Gérald Bloncourt, one of the youth leaders who played a pivotal role in the 1946 revolution in Haiti, passed away last month. Bloncourt altered the course of Haitian political history, alongside Rene Depestre, Jacques Alexis, and many other left-wing students and youth eager for a change in Haiti after World War II. Through a youth journal, La Ruche, and their activism, demonstrations and protests eventually led to autocratic Lescot's fall from the presidency. However, much has been written about January 1946 and the role of Bloncourt at that convergence of radicalism, democratic fervor, the birth of an official Haitian labor movement and political upheaval. Bloncourt deserves additional attention for contributing to the Haitian arts movement as well as photographing the lives and struggles of immigrant communities in France during his long exile from Haiti.
As someone interested in radicalism, labor, and social movements in Haiti, Bloncourt and his collaborators at La Ruche are a treasure trove of information, context, and details on how Haitian youths coming of age during and after the US Occupation came to Marxism and social movements. Issues of La Ruche are available online at the University of Florida Digital Collections, and the short-lived journal contained a variety of viewpoints on the questions of labor, class, and socialism in a Haitian context. Chenet, Alexis, Menard, Depestre, plus Bloncourt and many others contributed essays on surrealism, the question of inter-class alliances, US imperialism, the color question (showing the influence of Roumain and Christian Beaulieu, particularly the latter's essay in Le Nouvelliste on the Leyburn thesis), Marxism's applicability in an underdeveloped country like Haiti, and the relationship between religion and fascism.
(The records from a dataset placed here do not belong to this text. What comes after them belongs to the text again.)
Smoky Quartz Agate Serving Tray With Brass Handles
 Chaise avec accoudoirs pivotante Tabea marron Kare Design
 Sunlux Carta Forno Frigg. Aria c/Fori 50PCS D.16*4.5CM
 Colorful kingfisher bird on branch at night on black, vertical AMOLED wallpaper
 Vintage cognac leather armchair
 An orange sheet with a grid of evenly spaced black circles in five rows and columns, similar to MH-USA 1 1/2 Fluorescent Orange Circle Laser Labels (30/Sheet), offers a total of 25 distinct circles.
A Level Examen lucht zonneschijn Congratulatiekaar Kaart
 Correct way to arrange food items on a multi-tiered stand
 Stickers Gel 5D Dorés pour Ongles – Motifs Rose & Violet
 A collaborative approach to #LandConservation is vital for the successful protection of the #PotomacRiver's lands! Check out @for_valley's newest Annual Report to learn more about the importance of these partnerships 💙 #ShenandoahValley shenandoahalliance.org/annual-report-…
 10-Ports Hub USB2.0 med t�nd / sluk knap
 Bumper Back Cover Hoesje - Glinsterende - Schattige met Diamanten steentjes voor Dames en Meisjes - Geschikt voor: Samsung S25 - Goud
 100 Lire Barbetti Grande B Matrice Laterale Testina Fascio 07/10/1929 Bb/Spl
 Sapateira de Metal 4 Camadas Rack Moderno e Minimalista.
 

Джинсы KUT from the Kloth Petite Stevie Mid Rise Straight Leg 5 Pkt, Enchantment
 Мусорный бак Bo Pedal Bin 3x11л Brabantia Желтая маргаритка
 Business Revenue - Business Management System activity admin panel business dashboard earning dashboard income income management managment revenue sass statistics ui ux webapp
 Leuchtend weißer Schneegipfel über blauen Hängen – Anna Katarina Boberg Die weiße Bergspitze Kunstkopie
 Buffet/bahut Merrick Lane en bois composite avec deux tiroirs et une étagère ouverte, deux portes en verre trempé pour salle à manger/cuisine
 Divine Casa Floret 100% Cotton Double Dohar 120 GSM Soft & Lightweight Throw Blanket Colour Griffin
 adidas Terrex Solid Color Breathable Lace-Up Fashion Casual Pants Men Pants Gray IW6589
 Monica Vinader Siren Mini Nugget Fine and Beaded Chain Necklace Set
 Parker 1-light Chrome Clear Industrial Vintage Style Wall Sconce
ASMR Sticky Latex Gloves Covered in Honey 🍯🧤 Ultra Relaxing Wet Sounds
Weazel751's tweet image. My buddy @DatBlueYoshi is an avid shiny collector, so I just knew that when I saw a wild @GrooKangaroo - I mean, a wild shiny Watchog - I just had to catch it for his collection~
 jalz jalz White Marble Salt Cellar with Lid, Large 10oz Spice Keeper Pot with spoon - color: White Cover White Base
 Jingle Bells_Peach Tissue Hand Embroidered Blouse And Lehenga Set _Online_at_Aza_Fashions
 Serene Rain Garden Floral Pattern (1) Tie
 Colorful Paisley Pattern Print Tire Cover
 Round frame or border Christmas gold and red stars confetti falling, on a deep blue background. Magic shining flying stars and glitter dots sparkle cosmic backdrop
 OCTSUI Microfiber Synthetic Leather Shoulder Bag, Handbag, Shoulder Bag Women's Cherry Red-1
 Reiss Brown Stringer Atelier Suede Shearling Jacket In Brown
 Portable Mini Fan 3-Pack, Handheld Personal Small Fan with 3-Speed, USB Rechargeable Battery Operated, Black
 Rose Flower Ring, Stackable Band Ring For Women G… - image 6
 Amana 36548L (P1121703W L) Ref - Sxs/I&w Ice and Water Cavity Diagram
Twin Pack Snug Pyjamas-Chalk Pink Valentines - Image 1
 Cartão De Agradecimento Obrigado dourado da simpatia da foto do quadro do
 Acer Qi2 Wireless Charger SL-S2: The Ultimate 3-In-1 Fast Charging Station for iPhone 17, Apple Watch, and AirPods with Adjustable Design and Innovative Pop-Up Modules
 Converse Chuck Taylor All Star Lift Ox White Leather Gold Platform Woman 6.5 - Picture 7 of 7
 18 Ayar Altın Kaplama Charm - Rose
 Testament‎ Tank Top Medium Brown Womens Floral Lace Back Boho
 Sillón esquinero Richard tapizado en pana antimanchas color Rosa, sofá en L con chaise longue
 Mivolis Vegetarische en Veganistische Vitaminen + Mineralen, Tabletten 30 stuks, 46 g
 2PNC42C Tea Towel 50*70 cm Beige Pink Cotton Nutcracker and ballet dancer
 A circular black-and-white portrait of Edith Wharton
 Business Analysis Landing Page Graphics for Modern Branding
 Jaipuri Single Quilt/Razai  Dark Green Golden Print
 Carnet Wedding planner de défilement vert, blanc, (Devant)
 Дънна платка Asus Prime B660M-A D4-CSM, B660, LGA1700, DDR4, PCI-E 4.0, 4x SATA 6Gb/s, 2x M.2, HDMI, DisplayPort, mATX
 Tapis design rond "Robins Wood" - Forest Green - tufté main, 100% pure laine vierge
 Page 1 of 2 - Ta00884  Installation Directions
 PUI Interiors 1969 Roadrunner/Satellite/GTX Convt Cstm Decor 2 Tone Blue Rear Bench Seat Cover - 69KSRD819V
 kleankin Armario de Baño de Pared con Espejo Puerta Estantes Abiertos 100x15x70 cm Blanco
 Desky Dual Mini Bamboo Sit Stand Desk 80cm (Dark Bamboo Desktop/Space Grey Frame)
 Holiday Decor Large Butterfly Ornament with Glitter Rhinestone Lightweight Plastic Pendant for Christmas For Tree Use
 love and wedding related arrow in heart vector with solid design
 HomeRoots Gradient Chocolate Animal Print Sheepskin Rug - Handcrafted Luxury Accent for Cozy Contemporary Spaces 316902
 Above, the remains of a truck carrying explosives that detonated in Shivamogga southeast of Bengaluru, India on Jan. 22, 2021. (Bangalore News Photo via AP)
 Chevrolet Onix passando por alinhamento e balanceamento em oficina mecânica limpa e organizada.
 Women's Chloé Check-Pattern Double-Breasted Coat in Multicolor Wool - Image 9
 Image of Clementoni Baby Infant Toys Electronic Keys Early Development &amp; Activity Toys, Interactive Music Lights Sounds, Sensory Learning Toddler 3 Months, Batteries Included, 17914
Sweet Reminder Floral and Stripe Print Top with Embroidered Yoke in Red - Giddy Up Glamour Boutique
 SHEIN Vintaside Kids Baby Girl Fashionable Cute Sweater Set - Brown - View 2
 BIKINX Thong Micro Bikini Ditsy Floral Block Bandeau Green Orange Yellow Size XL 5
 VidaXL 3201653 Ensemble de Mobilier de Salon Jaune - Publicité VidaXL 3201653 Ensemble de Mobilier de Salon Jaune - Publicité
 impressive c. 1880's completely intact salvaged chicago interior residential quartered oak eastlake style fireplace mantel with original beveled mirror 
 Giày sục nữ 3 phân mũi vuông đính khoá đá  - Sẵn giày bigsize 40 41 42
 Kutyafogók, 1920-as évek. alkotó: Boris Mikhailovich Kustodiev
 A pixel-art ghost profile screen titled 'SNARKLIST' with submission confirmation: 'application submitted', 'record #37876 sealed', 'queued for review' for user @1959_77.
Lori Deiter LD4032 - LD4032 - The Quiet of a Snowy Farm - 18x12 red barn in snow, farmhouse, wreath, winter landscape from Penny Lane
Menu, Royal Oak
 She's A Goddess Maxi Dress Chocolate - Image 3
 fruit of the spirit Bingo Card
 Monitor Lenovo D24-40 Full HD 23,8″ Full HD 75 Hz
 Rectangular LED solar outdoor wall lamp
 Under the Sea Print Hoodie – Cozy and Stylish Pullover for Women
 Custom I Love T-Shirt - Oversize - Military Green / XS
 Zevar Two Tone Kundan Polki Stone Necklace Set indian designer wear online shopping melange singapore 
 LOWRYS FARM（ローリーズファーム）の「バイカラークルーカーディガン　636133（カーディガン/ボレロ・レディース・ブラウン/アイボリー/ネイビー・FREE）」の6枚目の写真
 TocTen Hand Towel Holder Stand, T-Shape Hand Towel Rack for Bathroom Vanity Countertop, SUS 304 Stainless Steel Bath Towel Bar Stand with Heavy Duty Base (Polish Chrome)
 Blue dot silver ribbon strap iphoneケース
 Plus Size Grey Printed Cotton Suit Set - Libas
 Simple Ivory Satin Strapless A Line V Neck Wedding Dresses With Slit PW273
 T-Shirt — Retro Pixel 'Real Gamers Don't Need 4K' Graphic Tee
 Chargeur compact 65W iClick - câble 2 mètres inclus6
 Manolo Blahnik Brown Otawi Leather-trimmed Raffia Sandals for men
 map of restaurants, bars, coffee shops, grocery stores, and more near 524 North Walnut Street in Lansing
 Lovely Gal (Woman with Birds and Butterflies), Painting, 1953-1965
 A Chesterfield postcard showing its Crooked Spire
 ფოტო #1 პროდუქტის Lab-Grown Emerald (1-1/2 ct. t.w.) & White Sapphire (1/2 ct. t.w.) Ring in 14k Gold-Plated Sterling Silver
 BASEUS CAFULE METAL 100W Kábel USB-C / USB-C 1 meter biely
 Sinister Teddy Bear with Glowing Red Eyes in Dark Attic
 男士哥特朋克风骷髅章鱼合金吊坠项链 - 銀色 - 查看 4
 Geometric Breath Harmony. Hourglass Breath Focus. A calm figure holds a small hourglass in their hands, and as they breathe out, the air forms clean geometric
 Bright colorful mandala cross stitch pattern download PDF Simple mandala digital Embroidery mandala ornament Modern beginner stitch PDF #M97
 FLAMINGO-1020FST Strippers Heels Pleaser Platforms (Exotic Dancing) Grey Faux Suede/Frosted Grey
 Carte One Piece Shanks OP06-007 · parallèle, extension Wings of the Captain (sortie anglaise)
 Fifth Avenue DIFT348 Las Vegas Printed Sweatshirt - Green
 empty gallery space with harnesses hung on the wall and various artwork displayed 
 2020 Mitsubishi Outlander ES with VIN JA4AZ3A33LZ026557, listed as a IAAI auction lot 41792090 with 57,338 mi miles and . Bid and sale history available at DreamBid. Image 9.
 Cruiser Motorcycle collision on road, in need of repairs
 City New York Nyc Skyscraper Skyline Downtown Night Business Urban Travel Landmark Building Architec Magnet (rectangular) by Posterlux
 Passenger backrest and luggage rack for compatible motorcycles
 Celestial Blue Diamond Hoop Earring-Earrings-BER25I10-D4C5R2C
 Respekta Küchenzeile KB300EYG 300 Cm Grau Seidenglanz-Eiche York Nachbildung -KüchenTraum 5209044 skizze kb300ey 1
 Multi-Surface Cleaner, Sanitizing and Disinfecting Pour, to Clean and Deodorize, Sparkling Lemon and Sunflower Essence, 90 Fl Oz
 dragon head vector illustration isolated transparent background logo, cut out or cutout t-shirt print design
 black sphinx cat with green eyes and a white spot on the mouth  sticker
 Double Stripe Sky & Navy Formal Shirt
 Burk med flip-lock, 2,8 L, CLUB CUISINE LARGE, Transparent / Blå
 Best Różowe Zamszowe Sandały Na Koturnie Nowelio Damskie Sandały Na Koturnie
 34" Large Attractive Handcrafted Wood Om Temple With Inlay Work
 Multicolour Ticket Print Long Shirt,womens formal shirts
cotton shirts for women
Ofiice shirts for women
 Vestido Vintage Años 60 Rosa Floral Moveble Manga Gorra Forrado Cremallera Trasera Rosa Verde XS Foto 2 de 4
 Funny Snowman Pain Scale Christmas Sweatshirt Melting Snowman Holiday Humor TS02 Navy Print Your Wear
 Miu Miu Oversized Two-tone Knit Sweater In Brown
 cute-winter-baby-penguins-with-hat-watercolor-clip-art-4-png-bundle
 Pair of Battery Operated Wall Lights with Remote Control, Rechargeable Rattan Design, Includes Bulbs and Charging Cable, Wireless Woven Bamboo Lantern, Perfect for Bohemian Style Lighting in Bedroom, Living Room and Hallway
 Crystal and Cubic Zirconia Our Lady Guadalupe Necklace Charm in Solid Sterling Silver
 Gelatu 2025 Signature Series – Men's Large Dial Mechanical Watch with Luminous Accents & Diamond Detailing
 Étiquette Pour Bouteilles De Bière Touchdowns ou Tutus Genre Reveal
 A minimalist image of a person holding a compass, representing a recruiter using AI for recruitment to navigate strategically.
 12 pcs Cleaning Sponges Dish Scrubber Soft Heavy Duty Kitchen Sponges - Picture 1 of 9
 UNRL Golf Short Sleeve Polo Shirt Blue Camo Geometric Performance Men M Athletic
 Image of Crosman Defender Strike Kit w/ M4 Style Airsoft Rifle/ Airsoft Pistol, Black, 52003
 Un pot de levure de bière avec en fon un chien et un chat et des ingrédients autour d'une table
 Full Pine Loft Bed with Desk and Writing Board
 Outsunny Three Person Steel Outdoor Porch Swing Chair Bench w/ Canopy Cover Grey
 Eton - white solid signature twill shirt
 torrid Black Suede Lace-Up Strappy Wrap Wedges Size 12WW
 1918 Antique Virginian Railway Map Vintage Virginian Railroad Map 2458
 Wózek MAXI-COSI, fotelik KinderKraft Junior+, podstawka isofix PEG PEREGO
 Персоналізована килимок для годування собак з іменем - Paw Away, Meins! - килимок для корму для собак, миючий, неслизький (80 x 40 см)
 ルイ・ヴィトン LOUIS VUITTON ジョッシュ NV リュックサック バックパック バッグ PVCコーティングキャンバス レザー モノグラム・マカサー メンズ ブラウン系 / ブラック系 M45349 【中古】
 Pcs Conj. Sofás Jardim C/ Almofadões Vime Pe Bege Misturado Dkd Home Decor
Bloncourt was clearly a product of this milieu of early radical thought in Haiti, both echoing and predating other Marxist currents in 20th century Haitian politics like Roumain's 1930s party or the subsequent parties, the renewed PCH and the Parti Socialiste Populaire, or PSP. In fact, Bloncourt was surprisingly tied to the second PCH associated with Felix Dorleans Juste, and not the PSP, which suggests the extent to which youth radicals in Haiti at the time were politically divided and differed in their interpretation of Marxism, political activity, and labor movements. Now, with only Depestre and Chenet, the remaining survivors of the Cinq Glorieuses, it behooves us to study in detail the revolutionary moments in Haiti when socialist and democratic change was possible. Bloncourt's generation helped ensure the the middle-class and segments of the working-class had a voice in Haiti. It's up to us to complete the vision.